To complete the exercise, write out all the data exactly.

##### DATA

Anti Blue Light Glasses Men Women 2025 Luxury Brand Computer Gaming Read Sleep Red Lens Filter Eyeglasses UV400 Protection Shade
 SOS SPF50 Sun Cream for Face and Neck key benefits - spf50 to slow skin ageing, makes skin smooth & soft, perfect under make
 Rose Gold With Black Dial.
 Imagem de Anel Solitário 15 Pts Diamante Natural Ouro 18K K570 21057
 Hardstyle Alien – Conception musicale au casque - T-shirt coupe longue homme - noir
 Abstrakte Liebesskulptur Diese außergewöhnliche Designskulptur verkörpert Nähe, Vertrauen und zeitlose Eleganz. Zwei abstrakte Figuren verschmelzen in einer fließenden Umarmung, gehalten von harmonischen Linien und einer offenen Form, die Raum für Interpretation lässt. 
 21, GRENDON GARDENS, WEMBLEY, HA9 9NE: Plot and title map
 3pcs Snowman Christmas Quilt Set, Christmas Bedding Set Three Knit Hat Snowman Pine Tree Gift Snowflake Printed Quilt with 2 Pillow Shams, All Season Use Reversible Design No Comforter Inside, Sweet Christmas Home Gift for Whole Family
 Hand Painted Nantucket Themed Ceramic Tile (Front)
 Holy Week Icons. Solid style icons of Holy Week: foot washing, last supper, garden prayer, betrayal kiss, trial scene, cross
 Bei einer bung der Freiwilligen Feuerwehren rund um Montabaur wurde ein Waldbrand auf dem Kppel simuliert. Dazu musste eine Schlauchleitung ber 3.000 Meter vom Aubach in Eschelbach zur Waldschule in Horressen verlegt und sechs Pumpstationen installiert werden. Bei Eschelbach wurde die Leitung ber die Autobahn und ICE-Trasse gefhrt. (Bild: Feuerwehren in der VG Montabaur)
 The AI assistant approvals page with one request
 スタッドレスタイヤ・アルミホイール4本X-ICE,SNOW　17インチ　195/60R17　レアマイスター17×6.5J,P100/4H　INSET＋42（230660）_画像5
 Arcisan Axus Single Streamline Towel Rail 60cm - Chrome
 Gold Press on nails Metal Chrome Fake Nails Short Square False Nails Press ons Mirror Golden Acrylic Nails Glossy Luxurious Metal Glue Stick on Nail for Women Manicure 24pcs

##########

= RESPONSE BELOW =
Anti Blue Light Glasses Men Women 2025 Luxury Brand Computer Gaming Read Sleep Red Lens Filter Eyeglasses UV400 Protection Shade
 SOS SPF50 Sun Cream for Face and Neck key benefits - spf50 to slow skin ageing, makes skin smooth & soft, perfect under make
 Rose Gold With Black Dial.
 Imagem de Anel Solitário 15 Pts Diamante Natural Ouro 18K K570 21057
 Hardstyle Alien – Conception musicale au casque - T-shirt coupe longue homme - noir
 Abstrakte Liebesskulptur Diese außergewöhnliche Designskulptur verkörpert Nähe, Vertrauen und zeitlose Eleganz. Zwei abstrakte Figuren verschmelzen in einer fließenden Umarmung, gehalten von harmonischen Linien und einer offenen Form, die Raum für Interpretation lässt. 
 21, GRENDON GARDENS, WEMBLEY, HA9 9NE: Plot and title map
 3pcs Snowman Christmas Quilt Set, Christmas Bedding Set Three Knit Hat Snowman Pine Tree Gift Snowflake Printed Quilt with 2 Pillow Shams, All Season Use Reversible Design No Comforter Inside, Sweet Christmas Home Gift for Whole Family
 Hand Painted Nantucket Themed Ceramic Tile (Front)
 Holy Week Icons. Solid style icons of Holy Week: foot washing, last supper, garden prayer, betrayal kiss, trial scene, cross
 Bei einer bung der Freiwilligen Feuerwehren rund um Montabaur wurde ein Waldbrand auf dem Kppel simuliert. Dazu musste eine Schlauchleitung ber 3.000 Meter vom Aubach in Eschelbach zur Waldschule in Horressen verlegt und sechs Pumpstationen installiert werden. Bei Eschelbach wurde die Leitung ber die Autobahn und ICE-Trasse gefhrt. (Bild: Feuerwehren in der VG Montabaur)
 The AI assistant approvals page with one request
 スタッドレスタイヤ・アルミホイール4本X-ICE,SNOW　17インチ　195/60R17　レアマイスター17×6.5J,P100/4H　INSET＋42（230660）_画像5
 Arcisan Axus Single Streamline Towel Rail 60cm - Chrome
 Gold Press on nails Metal Chrome Fake Nails Short Square False Nails Press ons Mirror Golden Acrylic Nails Glossy Luxurious Metal Glue Stick on Nail for Women Manicure 24pcs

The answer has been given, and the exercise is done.